Back in 1989, after Hurricane Hugo, we were sent to Puerto Rico to restore power. The storm had caused widespread damage throughout the Caribbean and the Southeastern U.S.
On the part of the island where we were, the poles and wires were down, on the ground, all over. Prior to our arrival, six people had died.
On our first day, my partner and I were flagged down by a group of locals. They were urgently telling us there was a big problem and led us down a path. There, we found a body lying across a fence.
A pole had snapped and fallen over. The cables were lying on the fence. My coworker started to go over to the man on the fence. I grabbed and stopped him until we could test that it was de-energized. There was nothing we could do. He was severely burned and there was no doubt that he was dead. By then, the circuit appeared to be locked out. It was, unfortunately, too late for this poor guy.

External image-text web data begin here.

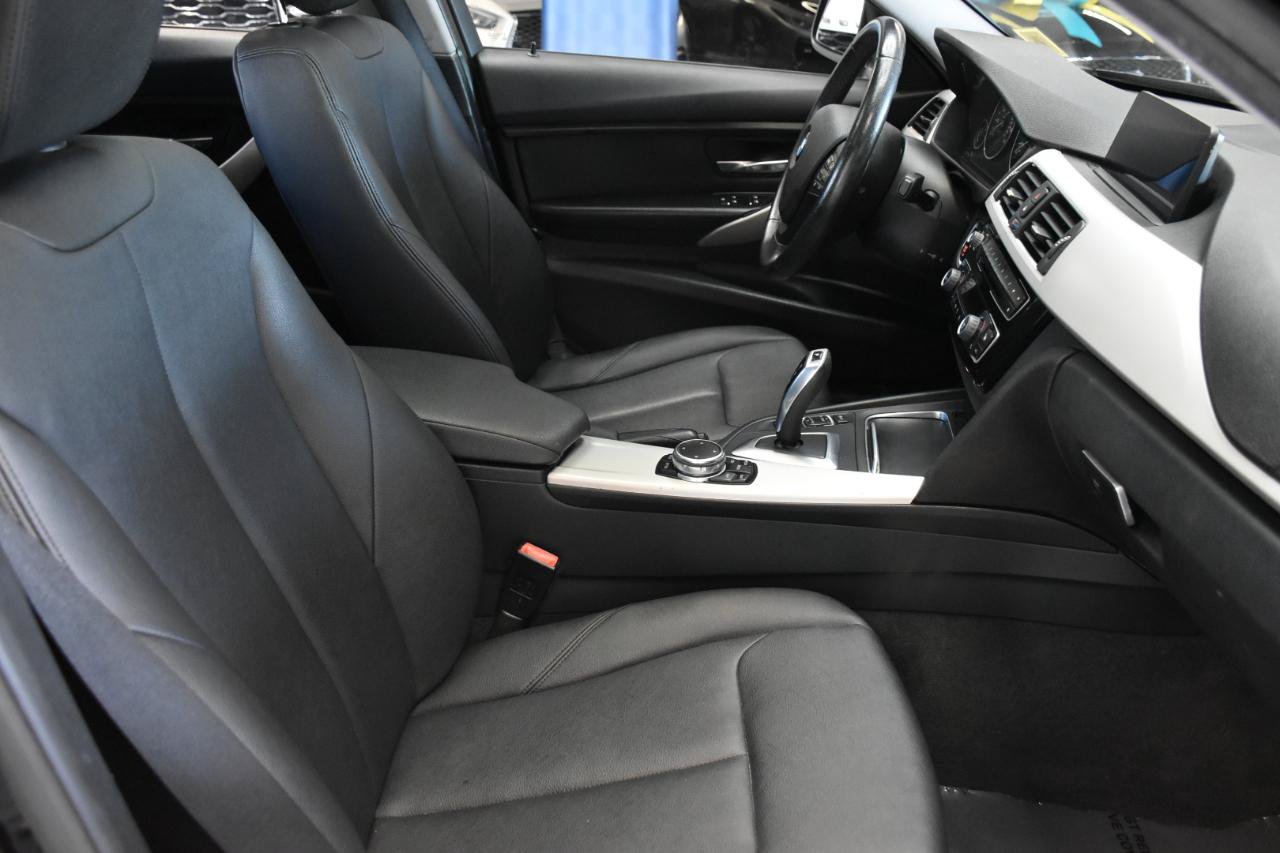 Used 2016 BMW 320i xDrive Sedan AWD/4WD image 14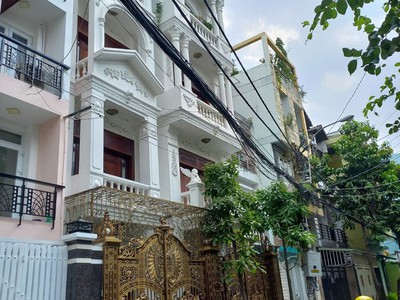 Cho thuê pjongf khép kín chính chủ t2 6324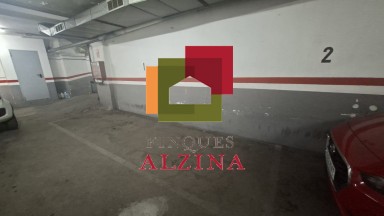 Plaza de aparcamiento en venta en Can Vidalet – Esplugues de Llobregat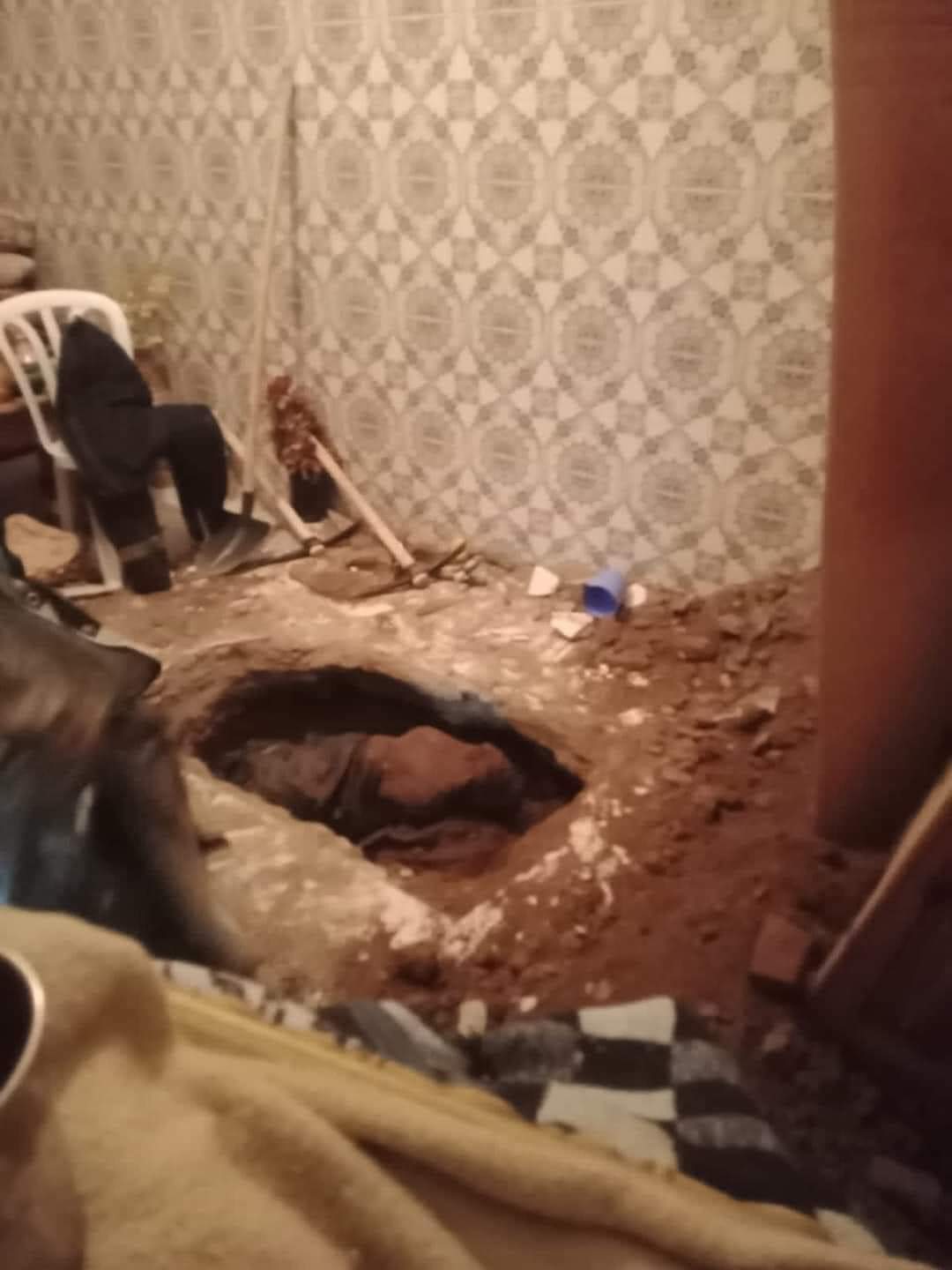 بسبب الصراع من أجل الإرث.. شقيقان يقدمان على الإجهاز على شقيقهما الثالث ودفن جثته وسط منزل بمراكش (صور) بسبب الصراع من أجل الإرث.. شقيقان يقدمان على الإجهاز على شقيقهما الثالث ودفن جثته وسط منزل بمراكش (صور)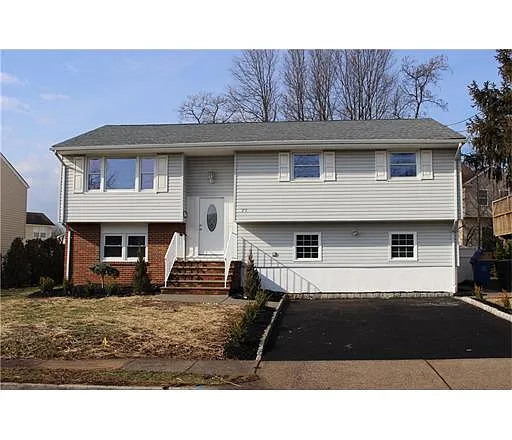 71 Garfield Ave photo 1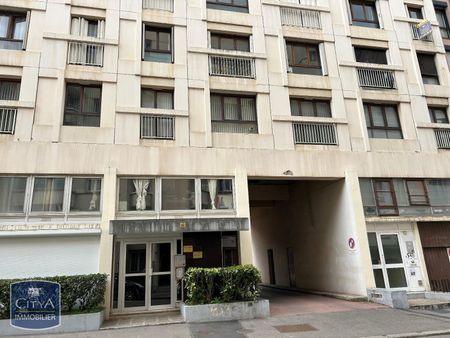 Location Appartement 3 pièces 64m² ST ETIENNE 42000 - Photo 2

Another day, we were working in an area in the hills. We were preparing materials for the job. I was working behind the truck, building the hardware for a pole. Suddenly, I was hit from the side and sent flying. As it was happening, there was a loud crash. One of my coworkers had tackled me, shoving me out of the way of a vehicle slamming into the back of the truck I was standing behind.
Adding insult to injury, it was one of our other trucks that had been parked uphill from mine. We didn’t have our own equipment with us but had been assigned equipment that had been sent over for the restoration effort from Europe.